▶ [Records provided]
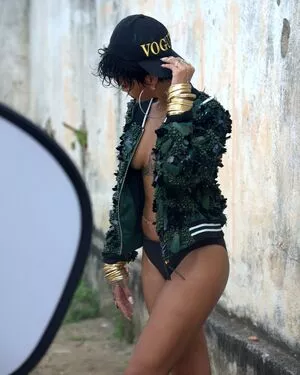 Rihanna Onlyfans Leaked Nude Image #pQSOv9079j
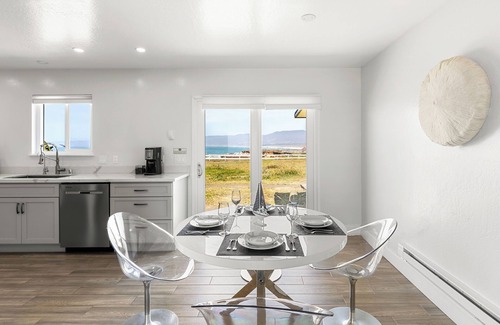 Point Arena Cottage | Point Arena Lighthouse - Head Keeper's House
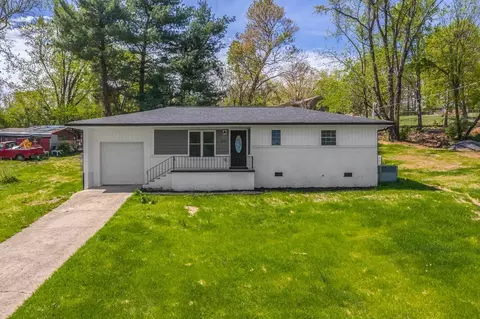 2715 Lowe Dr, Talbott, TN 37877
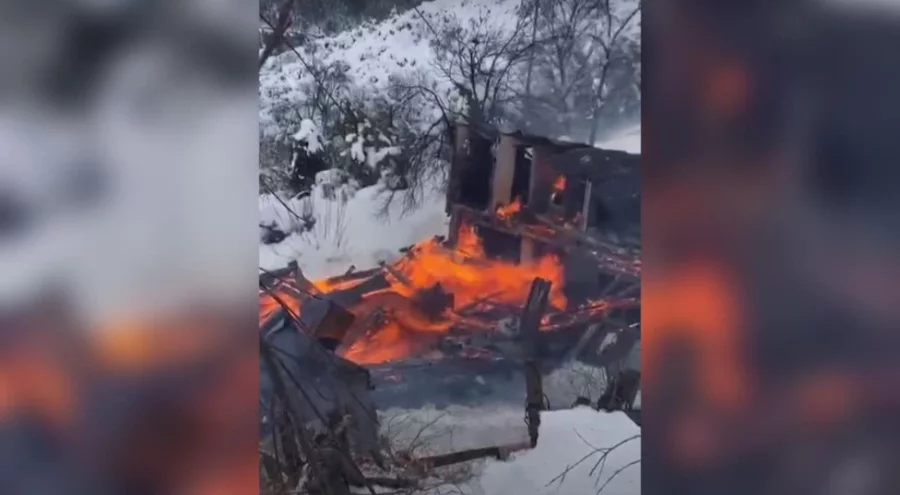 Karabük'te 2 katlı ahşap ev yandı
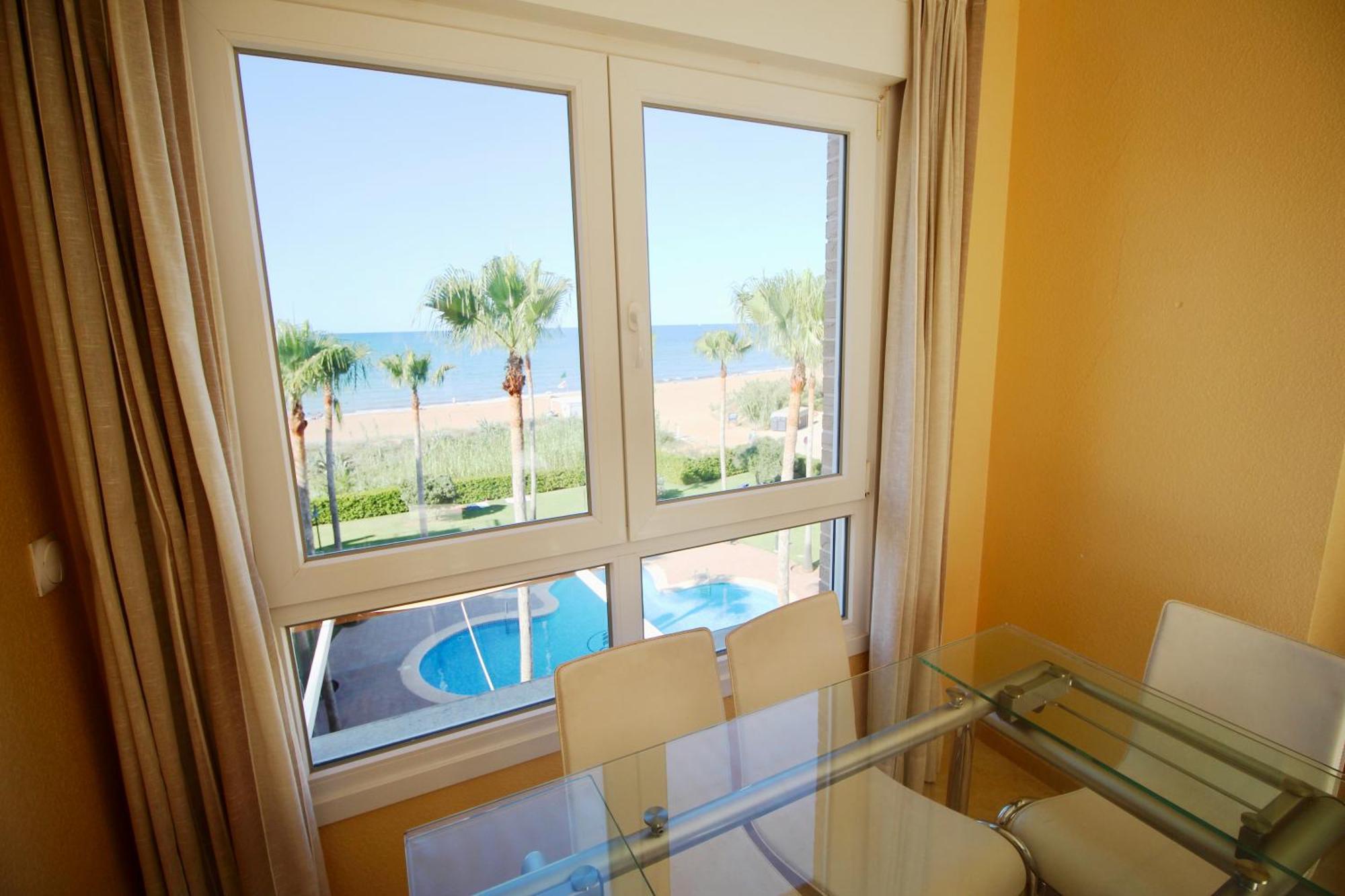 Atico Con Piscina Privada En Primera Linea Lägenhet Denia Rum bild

▶ [What needs to be done]
Output each line above exactly as it stands, omitting the pictures.

▶ [Answer to this problem]
 Rihanna Onlyfans Leaked Nude Image #pQSOv9079j
 Point Arena Cottage | Point Arena Lighthouse - Head Keeper's House
 2715 Lowe Dr, Talbott, TN 37877
 Karabük'te 2 katlı ahşap ev yandı
 Atico Con Piscina Privada En Primera Linea Lägenhet Denia Rum bild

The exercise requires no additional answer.